Policy events can also be visualized through the overview dashboard within the events page. The overview dashboard gives analysts and administrators a quick overview of which policies, hosts, containers, and deployments had the most events over the selected timeframe. It’s also a great way to get an at a glance summary of how many hosts the agent is installed on and the severity of the events that have occurred.
*The overview dashboard is a good way to bridge the gap between your SecOps team and developers. Quickly identify images and applications that have had incidents to set priority with developers. *
New Kubernetes & AWS Policies
We also added two new default policies to cover Kubernetes & AWS API access. The Kubernetes API has been a popular target for cryptojacking so we added a new policy to detect any connection to the K8s API Server besides those that are explicitly allowed.
- rule: Contact K8S API Server From Container desc: Detect attempts to contact the K8S API Server from a container condition: outbound and k8sapiserver and container and not k8s_containers output: Unexpected connection to K8s API Server from container (command=%proc.cmdline %container.info image=%container.image connection=%fd.name) priority: NOTICE tags: [network, k8s, container]
We also added another policy around API services where we’ll detect unexpected attempts from containers to communicate with the EC2 Instance Metadata Service.
- rule: Contact EC2 Instance Metadata Service From Container desc: Detect attempts to contact the EC2 Instance Metadata Service from a container condition: outbound and fd.sip="169.254.169.254" and container and not ec2metadatacontainers output: Outbound connection to EC2 instance metadata service (command=%proc.cmdline connection=%fd.name %container.info image=%container.image) priority: NOTICE tags: [network, aws, container]
New Policy Editor
We’ve made it easier for users to bring their existing falco rules and add new rules to Sysdig Secure by adding a rules editor in the Sysdig Secure interface. Just copy in any custom rule, save it, and it will be added to the default ruleset and available within the policy editor.
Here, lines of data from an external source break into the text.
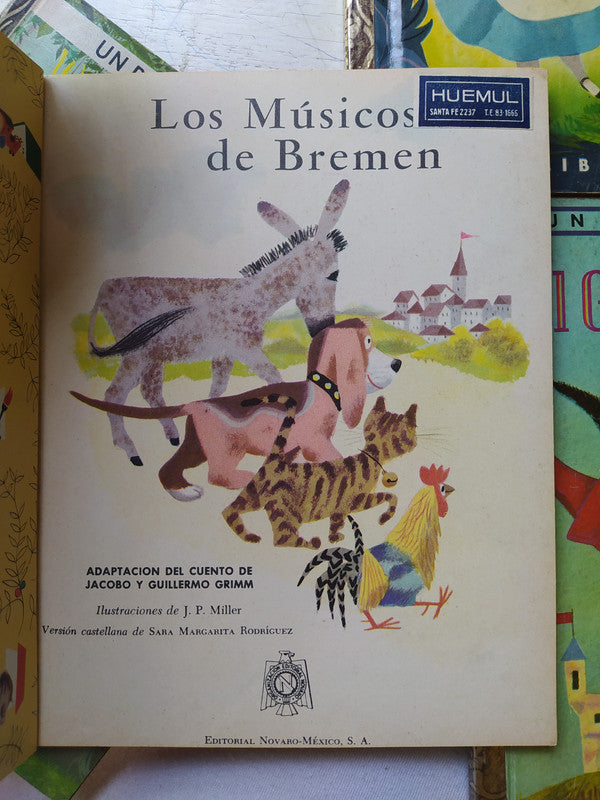 Libro usado en venta: Un librito de oro (6 Libros); editorial Hachette impreso en 1959 realizamos envios a todo el mundo.3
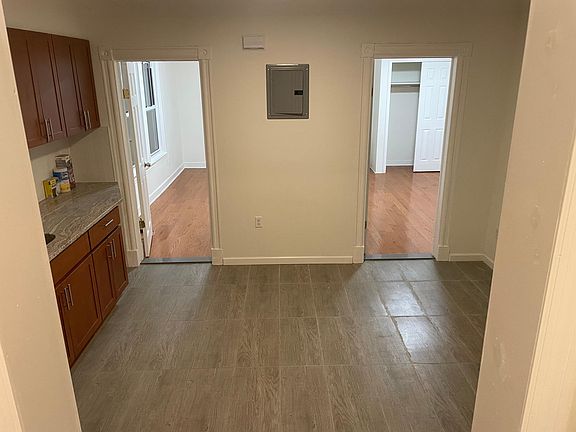 2nd image of 52 Beach St #1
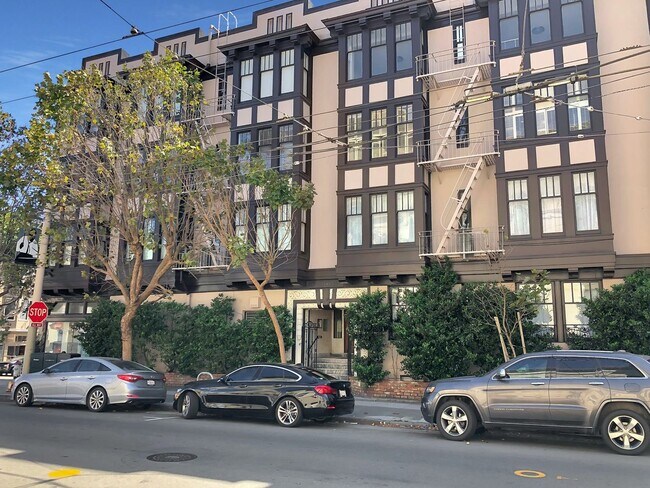 Foto del edificio - 2 br, 2 bath House - 2401 JACKSON ST UNIT 8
*Quickly add a new rule to your default falco rule set directly within the UI. *
Enterprise Integrations – SSO authentication & new notification channels
Single Sign On Authentication We wanted to streamline your user experience by releasing Single Sign On (SSO) for Sysdig Secure.
Our SSO solution provides support for the most common methods of SSO, across both our cloud offering and our on-premise software offering:
New Notification Channels
We’ve also added support for new notification channels as well as webhooks to route any event to a Incident Management ticketing system, or some your SIEM of choosing.